Supplied records:

-- Opening Marker --

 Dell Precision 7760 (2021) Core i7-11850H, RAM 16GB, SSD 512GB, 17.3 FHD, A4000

-- Closing Marker --
-- Opening Marker --

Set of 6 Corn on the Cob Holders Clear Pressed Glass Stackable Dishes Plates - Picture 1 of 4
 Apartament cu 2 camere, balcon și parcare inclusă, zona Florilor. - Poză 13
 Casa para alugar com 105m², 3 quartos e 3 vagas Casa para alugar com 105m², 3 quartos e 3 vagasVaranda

-- Closing Marker --

Task description: Only the lines above starting at the line that holds "Set of 6 Corn" and ending at the line that holds "Casa para alugar com 105m², 3 quartos e 3 vagas Casa" are to be repeated, exactly and in full.

Problem solution:
Set of 6 Corn on the Cob Holders Clear Pressed Glass Stackable Dishes Plates - Picture 1 of 4
 Apartament cu 2 camere, balcon și parcare inclusă, zona Florilor. - Poză 13
 Casa para alugar com 105m², 3 quartos e 3 vagas Casa para alugar com 105m², 3 quartos e 3 vagasVaranda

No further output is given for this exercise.